WHAT YOU WILL DO: Exactly as written, print the lines from the top of the listing through the line containing "This is a code"; include no pictures.

*** Block opens ***

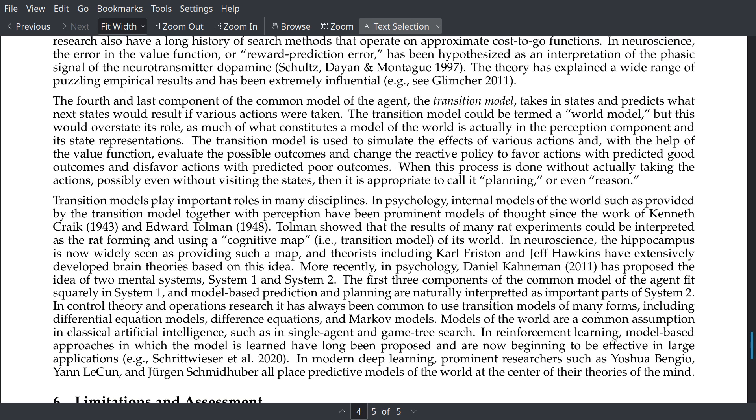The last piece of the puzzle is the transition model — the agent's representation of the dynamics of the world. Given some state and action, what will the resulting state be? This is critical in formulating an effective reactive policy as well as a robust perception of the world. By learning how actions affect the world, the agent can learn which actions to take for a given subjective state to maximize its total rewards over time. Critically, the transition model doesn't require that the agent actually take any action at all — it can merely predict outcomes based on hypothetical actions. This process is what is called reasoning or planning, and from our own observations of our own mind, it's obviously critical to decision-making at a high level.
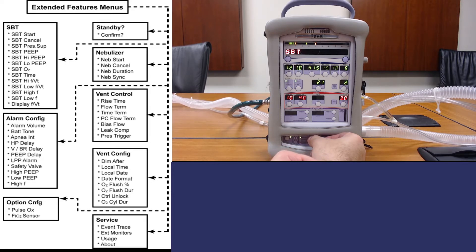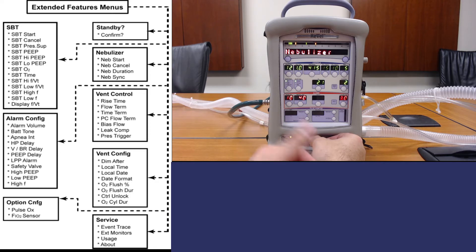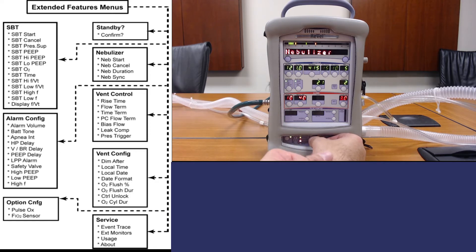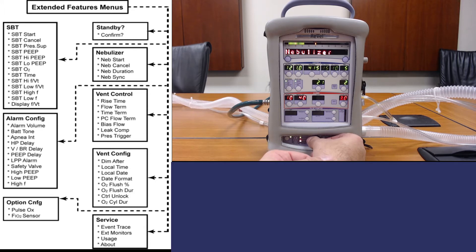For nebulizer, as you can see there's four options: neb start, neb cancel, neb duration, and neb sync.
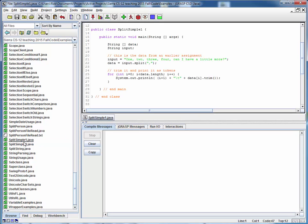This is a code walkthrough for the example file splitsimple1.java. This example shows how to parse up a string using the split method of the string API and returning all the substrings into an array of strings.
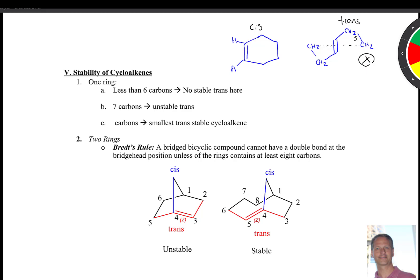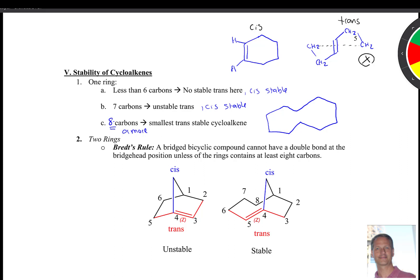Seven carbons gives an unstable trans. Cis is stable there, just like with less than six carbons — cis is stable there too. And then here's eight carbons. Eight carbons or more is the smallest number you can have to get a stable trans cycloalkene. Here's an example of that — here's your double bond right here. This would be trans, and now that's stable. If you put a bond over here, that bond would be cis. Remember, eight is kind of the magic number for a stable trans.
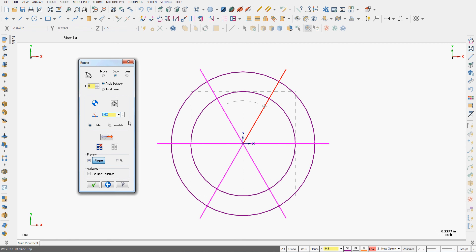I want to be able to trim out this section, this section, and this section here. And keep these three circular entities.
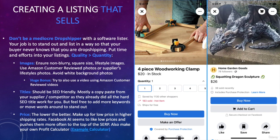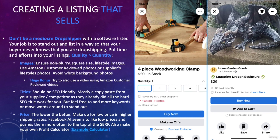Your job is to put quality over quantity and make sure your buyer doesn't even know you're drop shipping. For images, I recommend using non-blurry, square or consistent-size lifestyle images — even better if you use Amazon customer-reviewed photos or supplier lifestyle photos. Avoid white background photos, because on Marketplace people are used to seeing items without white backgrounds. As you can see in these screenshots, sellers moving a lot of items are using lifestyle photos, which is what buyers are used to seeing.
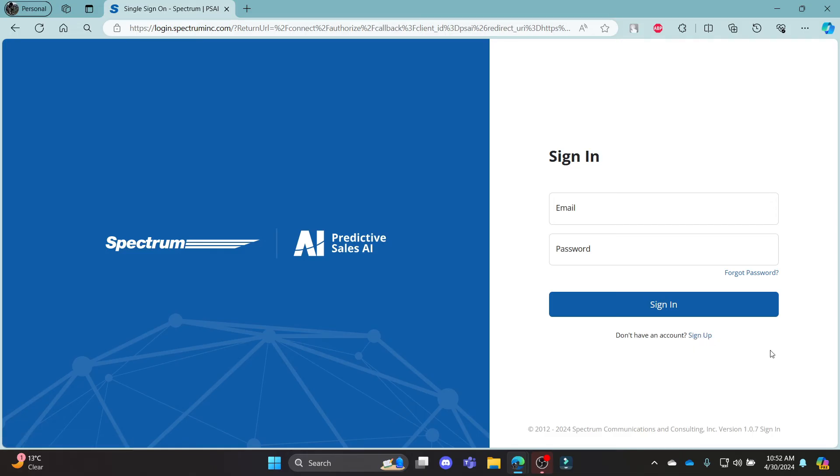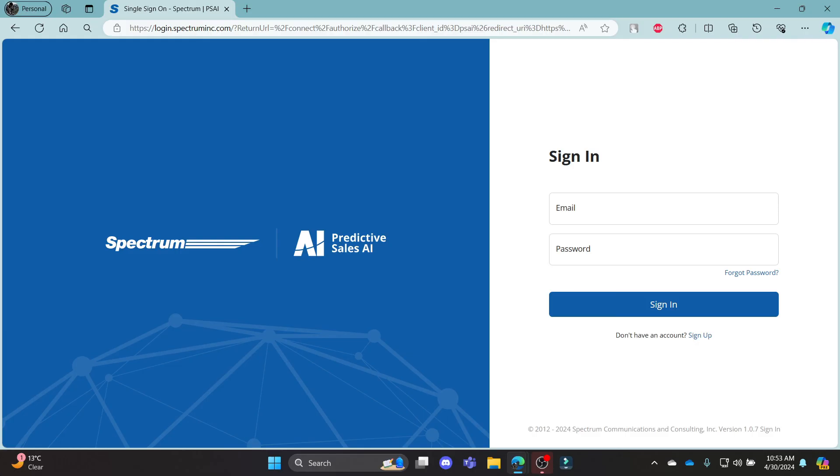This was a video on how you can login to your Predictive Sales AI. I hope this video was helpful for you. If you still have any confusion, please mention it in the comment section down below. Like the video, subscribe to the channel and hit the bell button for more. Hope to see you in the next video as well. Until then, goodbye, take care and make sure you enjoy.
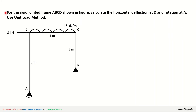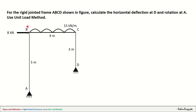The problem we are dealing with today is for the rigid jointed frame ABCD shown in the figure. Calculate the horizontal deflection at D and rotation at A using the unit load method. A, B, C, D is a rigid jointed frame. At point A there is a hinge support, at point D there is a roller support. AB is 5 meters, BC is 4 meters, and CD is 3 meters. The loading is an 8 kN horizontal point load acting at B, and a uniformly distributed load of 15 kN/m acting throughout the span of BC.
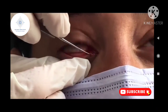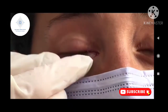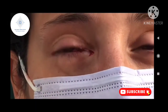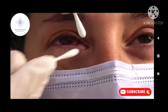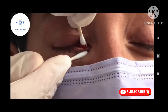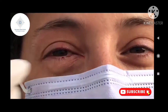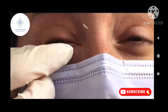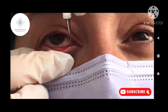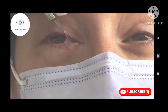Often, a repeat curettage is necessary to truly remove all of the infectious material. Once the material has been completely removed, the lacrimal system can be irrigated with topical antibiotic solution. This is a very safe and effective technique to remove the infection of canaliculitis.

*** Block closes ***

TASK SOLUTION:
The last piece of the puzzle is the transition model — the agent's representation of the dynamics of the world. Given some state and action, what will the resulting state be? This is critical in formulating an effective reactive policy as well as a robust perception of the world. By learning how actions affect the world, the agent can learn which actions to take for a given subjective state to maximize its total rewards over time. Critically, the transition model doesn't require that the agent actually take any action at all — it can merely predict outcomes based on hypothetical actions. This process is what is called reasoning or planning, and from our own observations of our own mind, it's obviously critical to decision-making at a high level.
For nebulizer, as you can see there's four options: neb start, neb cancel, neb duration, and neb sync.
This is a code walkthrough for the example file splitsimple1.java. This example shows how to parse up a string using the split method of the string API and returning all the substrings into an array of strings.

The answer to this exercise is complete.